Bern’s laughter would no longer ring through the halls of his home. I had stopped reminiscing, and hesitated behind the sunlit hillock, prevented me from seeing his house, where my pain, and maybe, my salve, lay.
I walked into the stable, untacked my gelding and watered him, then headed to the house.
I met with his lady, and poured my story to her, not crying, just putting a stone mask before my face. Her tears ran bitterly from her eyes, and I wanted to console her, but did not know how. I was just a lost young man, who simply sat there as the woman who had fed me, made certain I was bathed, had cared for me, cried for the lost husband she would never have to hold again. I left quickly, before any of her daughters could come, and melt the stone mask that took all my courage and will to make.
I fled far from there, and trained, trying to fill the angry void the monster had made in me, but to no avail. I spent all my energy on learning to use the tools of combat, of killing. I worked until I dropped, and would somehow tromp back to where ever I was staying, and sleep, so I would have no time to think about anything. I had strength. I felt my greatest desire to kill what had killed me.
The beast would be slain.

I had gotten the latest armor-light but sturdy, and chain mail, with little tight links. The leather clothes that went under to prevent the harsh metal from tearing my skin. A fast mare from the desert to carry me swiftly to my quarry.
I found the cave, and made my camp about a mile away. I tethered the horse to a fir tree, and she made soft whickering noises as I unloaded everything from her back. She would make small jumps at every noise, and twice I was certain she would flip onto her back. But we both made it through the night, and as dawn arose, I began to dress myself in the metal. It was cold, but my skin warmed it soon enough.
I mounted the tall mare, and rode to fulfill my destiny. She shied at the entrance of the monster’s cave, throwing me from her back, causing me to flip like an acrobat. I landed face down. My body was a flame of pain, but I didn’t think anything was broken, and I saw my sward, lying halfway out of the scabbard, about twenty feet off. I hobbled over, legs, arms, chest, all one big bruise. I felt my skin turn into a molten, massive purple splodge.
Damn that rotten piece of horsemeat. I ached, and was always told, When you fall off your horse, get back on, but the brute wasn’t even there to climb back on to!
I swung my arms around, gritting my teeth against the initial tingling pin-pain, and walked in circles to keep my legs from aching. I couldn’t bear it. The yearning, so close, I was so close, to my end, I could feel it. This would be judgment day, the day to end my hollowness. No waive thought passed through my head, I would kill it.
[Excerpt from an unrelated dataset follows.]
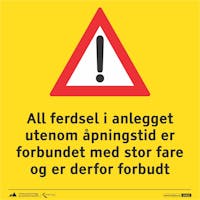 ALL FERDSEL I ANLEGGET - ALUMINIUMKOMPOSITT SKILT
The beast that induced this great insatiable abyss under my ribs. I tried to grow my heart back, but all I did was bring more pain unto myself. My heart would only grow back if I could stop up the nothingness within me.
My fury killed my pain. I ran as fast as I could with armor weighing me down. Beast! I screamed into the cave Beast! Come here! Stop my numbness! BEAST!
I heard the trundling thundersteps, just like the last time. But now I was stronger, and my strength made me unafraid. Thutump swish. Thutump, swish. My blood raced, my heart soared- this was a bloodlust I had never experienced before. This was how the monster must have felt before he killed my master before me.
I charged, screaming as my turbulent ichor fed and energized everything. My lungs were bursting with air, my head exploding with thoughts, but thinking nothing but to kill, to satisfy my belligerent spirit. I ran and charged him, taking a wild swing, aiming to lob his head off, but to no avail. I only hit his ear. A scream of frustration burst from my lungs. Inhale, swing, stab. I was missing, and yelling at my stupidity. I ran back out of grasp, and took a deep breath. I gripped my sword tighter, and took two running leaps, and thrusted my sword into his core, his deepest essence, which is where the stopper of my emptiness was certainly to be stored. I let out a laughing bark of triumph, and felt a wave of heat wash over me.
I breathed in and felt a great gushing. I felt like I was drowning. Red, gush, river, life, flood, blood, gone. I gasped, and felt a mighty pull at my innards. The beast had killed me, left me, filled my emptiness with my own lifeblood.
The redness had a certain purity to it, the life leaving me, the beast leaving, the horse left, all alone, as Bern had been before me, whiteness clouding my vision, along.
I crawled to the wall, somehow, to lean against the wall. How did he do it? This armor, the mail beneath, was just about indestructible. I looked down at my mail shirt. His huge claws shouldn’t have been able to get through.
There I saw where the beast’s claws had entered, missing links, and dinged up ones from when I had fallen off my mare’s back.
Damn that horse.
I heard footsteps. Too fast for the monster, and I was certain it was the mare returned to me, to laugh at my cruel ending.
“D-D-Da-“ I spluttered.
“Poor soul,” I heard a man’s voice. So it couldn’t be my horse it spite me- the wretched animal was female. “Get him to my fire. I will fight the Monstrosity alone.” I heard him say.
Then I died.
And came up to the netherworld, looking for Bern. I eventually saw him, looking intently at the ground. Bern! I shouted.
He looked up, and motioned me over
I looked where he had been. It was the cave, the monster’s cave. My monster’s cave.
We watched for….a long while. Finally the beast died, stepping on the same fire pit that Bern had so many years ago.
Hmph. Bern grunted distastefully.
What? I asked him
That young man only killed our monster because we tired it out first! He said with a laugh.






User Comments: [1]
SilverHandbasket
Community Member





Mon Feb 11, 2008 @ 02:06am


I really like how this is put together and the concept you examine. smile


User Comments: [1]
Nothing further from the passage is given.